Send back the entries exactly as they were given.

## Saved entries

Start of Block

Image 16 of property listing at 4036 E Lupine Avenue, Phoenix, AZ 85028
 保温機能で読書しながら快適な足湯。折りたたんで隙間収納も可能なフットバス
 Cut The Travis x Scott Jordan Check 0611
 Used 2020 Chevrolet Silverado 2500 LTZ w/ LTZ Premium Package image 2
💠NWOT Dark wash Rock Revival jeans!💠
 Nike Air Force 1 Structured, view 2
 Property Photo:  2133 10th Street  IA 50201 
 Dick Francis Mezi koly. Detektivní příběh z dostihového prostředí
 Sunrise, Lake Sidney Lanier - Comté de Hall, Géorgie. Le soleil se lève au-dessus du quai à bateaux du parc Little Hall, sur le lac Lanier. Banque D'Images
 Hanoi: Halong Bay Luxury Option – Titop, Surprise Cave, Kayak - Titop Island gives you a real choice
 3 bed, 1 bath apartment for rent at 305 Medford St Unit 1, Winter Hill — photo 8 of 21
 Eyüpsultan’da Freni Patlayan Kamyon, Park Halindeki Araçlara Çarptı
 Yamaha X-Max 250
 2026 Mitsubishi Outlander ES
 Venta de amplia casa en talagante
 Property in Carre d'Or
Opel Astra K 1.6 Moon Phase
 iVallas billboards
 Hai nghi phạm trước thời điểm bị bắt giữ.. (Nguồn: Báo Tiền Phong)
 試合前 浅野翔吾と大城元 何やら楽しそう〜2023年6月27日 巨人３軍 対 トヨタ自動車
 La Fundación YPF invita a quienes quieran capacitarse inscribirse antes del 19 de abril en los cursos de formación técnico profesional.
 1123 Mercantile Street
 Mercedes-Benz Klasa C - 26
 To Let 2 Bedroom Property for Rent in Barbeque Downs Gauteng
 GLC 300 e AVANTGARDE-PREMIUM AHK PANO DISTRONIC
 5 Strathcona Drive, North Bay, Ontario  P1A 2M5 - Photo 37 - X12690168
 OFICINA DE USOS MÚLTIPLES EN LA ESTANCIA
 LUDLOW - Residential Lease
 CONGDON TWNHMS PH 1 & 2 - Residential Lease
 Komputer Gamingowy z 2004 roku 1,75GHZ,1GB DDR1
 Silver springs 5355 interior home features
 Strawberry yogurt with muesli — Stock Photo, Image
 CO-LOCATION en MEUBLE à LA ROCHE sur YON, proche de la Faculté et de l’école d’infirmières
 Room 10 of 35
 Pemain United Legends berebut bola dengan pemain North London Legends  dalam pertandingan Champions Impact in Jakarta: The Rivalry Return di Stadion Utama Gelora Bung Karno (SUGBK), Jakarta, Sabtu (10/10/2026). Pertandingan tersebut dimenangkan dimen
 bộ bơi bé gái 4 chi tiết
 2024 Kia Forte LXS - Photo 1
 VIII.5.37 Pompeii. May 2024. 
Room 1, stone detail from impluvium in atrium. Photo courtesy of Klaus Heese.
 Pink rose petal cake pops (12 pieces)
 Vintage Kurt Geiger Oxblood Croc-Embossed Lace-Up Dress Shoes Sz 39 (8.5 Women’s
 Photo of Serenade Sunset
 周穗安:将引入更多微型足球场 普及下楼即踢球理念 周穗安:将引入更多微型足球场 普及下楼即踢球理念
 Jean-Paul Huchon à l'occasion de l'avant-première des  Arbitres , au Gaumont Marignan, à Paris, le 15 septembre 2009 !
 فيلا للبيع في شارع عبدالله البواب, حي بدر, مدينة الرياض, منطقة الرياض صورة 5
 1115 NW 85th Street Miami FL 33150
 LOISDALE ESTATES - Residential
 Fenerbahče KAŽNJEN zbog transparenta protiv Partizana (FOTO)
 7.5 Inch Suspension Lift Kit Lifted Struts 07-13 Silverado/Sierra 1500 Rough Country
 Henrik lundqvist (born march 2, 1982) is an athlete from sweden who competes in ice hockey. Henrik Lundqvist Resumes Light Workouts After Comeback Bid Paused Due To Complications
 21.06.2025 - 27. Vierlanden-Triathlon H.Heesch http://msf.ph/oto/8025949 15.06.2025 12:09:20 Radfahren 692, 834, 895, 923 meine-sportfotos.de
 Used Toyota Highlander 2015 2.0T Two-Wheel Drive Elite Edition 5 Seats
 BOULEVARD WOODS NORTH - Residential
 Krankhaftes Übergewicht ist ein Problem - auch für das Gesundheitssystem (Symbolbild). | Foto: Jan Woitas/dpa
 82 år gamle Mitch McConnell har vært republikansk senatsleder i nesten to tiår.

End of Block

## Response below
Image 16 of property listing at 4036 E Lupine Avenue, Phoenix, AZ 85028
 保温機能で読書しながら快適な足湯。折りたたんで隙間収納も可能なフットバス
 Cut The Travis x Scott Jordan Check 0611
 Used 2020 Chevrolet Silverado 2500 LTZ w/ LTZ Premium Package image 2
💠NWOT Dark wash Rock Revival jeans!💠
 Nike Air Force 1 Structured, view 2
 Property Photo:  2133 10th Street  IA 50201 
 Dick Francis Mezi koly. Detektivní příběh z dostihového prostředí
 Sunrise, Lake Sidney Lanier - Comté de Hall, Géorgie. Le soleil se lève au-dessus du quai à bateaux du parc Little Hall, sur le lac Lanier. Banque D'Images
 Hanoi: Halong Bay Luxury Option – Titop, Surprise Cave, Kayak - Titop Island gives you a real choice
 3 bed, 1 bath apartment for rent at 305 Medford St Unit 1, Winter Hill — photo 8 of 21
 Eyüpsultan’da Freni Patlayan Kamyon, Park Halindeki Araçlara Çarptı
 Yamaha X-Max 250
 2026 Mitsubishi Outlander ES
 Venta de amplia casa en talagante
 Property in Carre d'Or
Opel Astra K 1.6 Moon Phase
 iVallas billboards
 Hai nghi phạm trước thời điểm bị bắt giữ.. (Nguồn: Báo Tiền Phong)
 試合前 浅野翔吾と大城元 何やら楽しそう〜2023年6月27日 巨人３軍 対 トヨタ自動車
 La Fundación YPF invita a quienes quieran capacitarse inscribirse antes del 19 de abril en los cursos de formación técnico profesional.
 1123 Mercantile Street
 Mercedes-Benz Klasa C - 26
 To Let 2 Bedroom Property for Rent in Barbeque Downs Gauteng
 GLC 300 e AVANTGARDE-PREMIUM AHK PANO DISTRONIC
 5 Strathcona Drive, North Bay, Ontario  P1A 2M5 - Photo 37 - X12690168
 OFICINA DE USOS MÚLTIPLES EN LA ESTANCIA
 LUDLOW - Residential Lease
 CONGDON TWNHMS PH 1 & 2 - Residential Lease
 Komputer Gamingowy z 2004 roku 1,75GHZ,1GB DDR1
 Silver springs 5355 interior home features
 Strawberry yogurt with muesli — Stock Photo, Image
 CO-LOCATION en MEUBLE à LA ROCHE sur YON, proche de la Faculté et de l’école d’infirmières
 Room 10 of 35
 Pemain United Legends berebut bola dengan pemain North London Legends  dalam pertandingan Champions Impact in Jakarta: The Rivalry Return di Stadion Utama Gelora Bung Karno (SUGBK), Jakarta, Sabtu (10/10/2026). Pertandingan tersebut dimenangkan dimen
 bộ bơi bé gái 4 chi tiết
 2024 Kia Forte LXS - Photo 1
 VIII.5.37 Pompeii. May 2024. 
Room 1, stone detail from impluvium in atrium. Photo courtesy of Klaus Heese.
 Pink rose petal cake pops (12 pieces)
 Vintage Kurt Geiger Oxblood Croc-Embossed Lace-Up Dress Shoes Sz 39 (8.5 Women’s
 Photo of Serenade Sunset
 周穗安:将引入更多微型足球场 普及下楼即踢球理念 周穗安:将引入更多微型足球场 普及下楼即踢球理念
 Jean-Paul Huchon à l'occasion de l'avant-première des  Arbitres , au Gaumont Marignan, à Paris, le 15 septembre 2009 !
 فيلا للبيع في شارع عبدالله البواب, حي بدر, مدينة الرياض, منطقة الرياض صورة 5
 1115 NW 85th Street Miami FL 33150
 LOISDALE ESTATES - Residential
 Fenerbahče KAŽNJEN zbog transparenta protiv Partizana (FOTO)
 7.5 Inch Suspension Lift Kit Lifted Struts 07-13 Silverado/Sierra 1500 Rough Country
 Henrik lundqvist (born march 2, 1982) is an athlete from sweden who competes in ice hockey. Henrik Lundqvist Resumes Light Workouts After Comeback Bid Paused Due To Complications
 21.06.2025 - 27. Vierlanden-Triathlon H.Heesch http://msf.ph/oto/8025949 15.06.2025 12:09:20 Radfahren 692, 834, 895, 923 meine-sportfotos.de
 Used Toyota Highlander 2015 2.0T Two-Wheel Drive Elite Edition 5 Seats
 BOULEVARD WOODS NORTH - Residential
 Krankhaftes Übergewicht ist ein Problem - auch für das Gesundheitssystem (Symbolbild). | Foto: Jan Woitas/dpa
 82 år gamle Mitch McConnell har vært republikansk senatsleder i nesten to tiår.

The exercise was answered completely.